GitHub Flow (Simplest, Most Popular)

# Main branch (main) is always deployable
# Create feature branches from main
# Open PR → Review → Merge back to main → Deploy

main:  A---B---C---D---E
           \         /
feature:    X---Y---Z

# Used by: GitHub, Netflix, Shopify, many startups

Git Flow (More Structured, For Releases)

# Branches:
#   main       — Production (never commit directly)
#   develop    — Integration branch
#   feature/*  — New features (branch from develop)
#   release/*  — Preparing a release (branch from develop, merge to main)
#   hotfix/*   — Critical fixes (branch from main, merge to both)
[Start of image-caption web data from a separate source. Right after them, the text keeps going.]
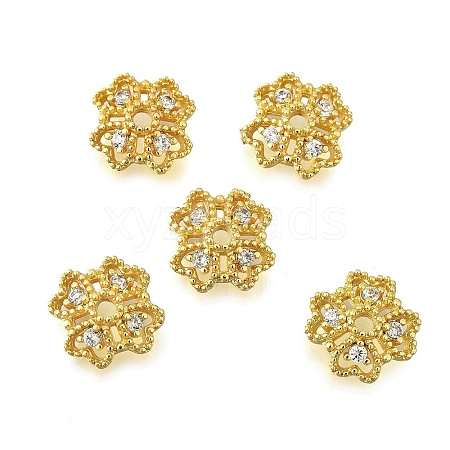 Flower Brass Micro Pave Cubic Zirconia Bead Caps KK-K300-01D-G-1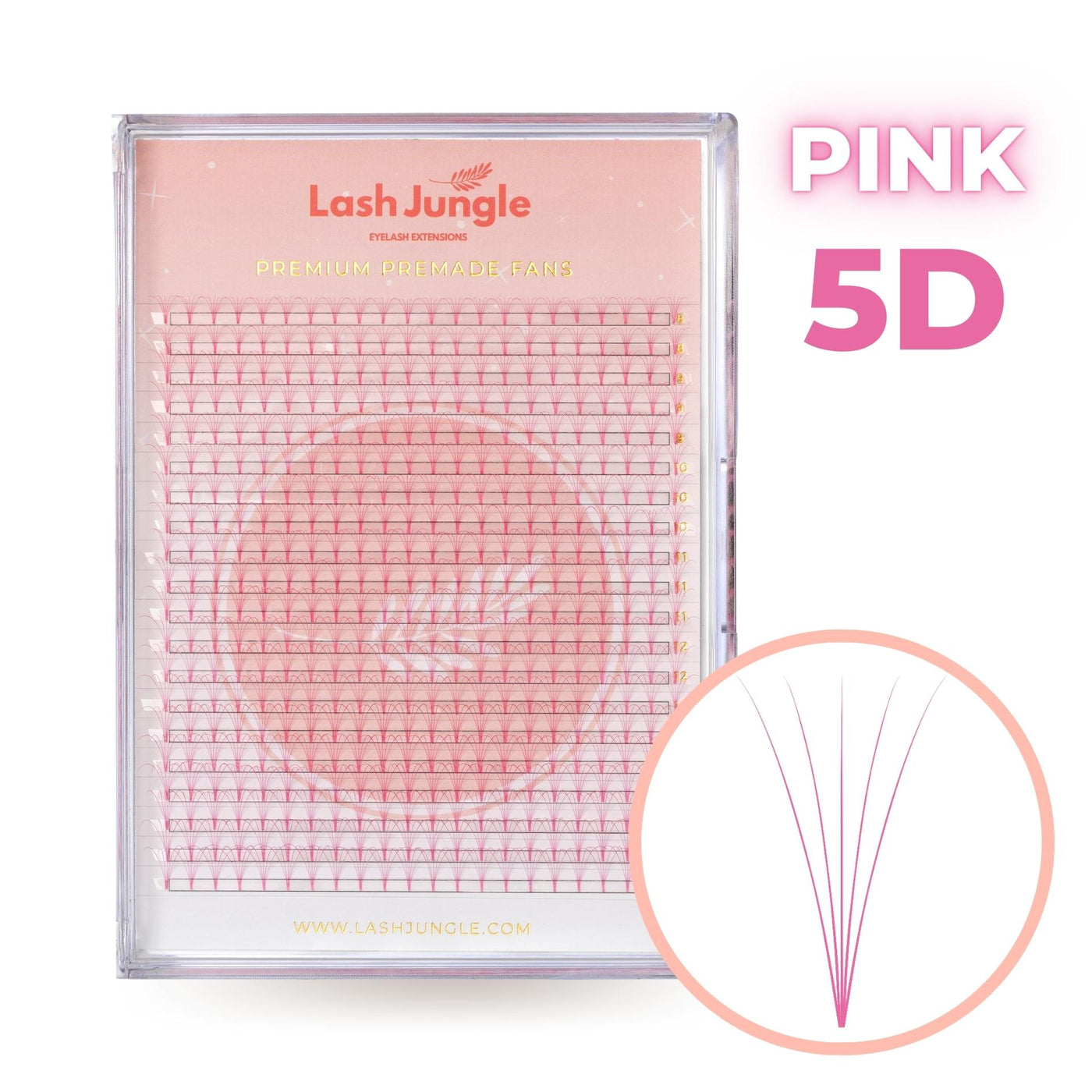 5D pink coloured premade fans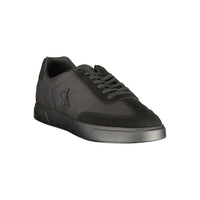 Black Polyester Men's Sneaker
# Used by: Larger teams, planned releases, enterprise

Trunk-Based Development (For CI/CD)

# All developers commit to main (trunk) multiple times a day
# Feature flags hide incomplete features
# Short-lived feature branches (max 2 days)
# Always rebase before pushing

# Used by: Google, Facebook, Amazon (high CI/CD velocity)

🏷️ Tags & Releases

# Tags mark specific points in history (usually releases)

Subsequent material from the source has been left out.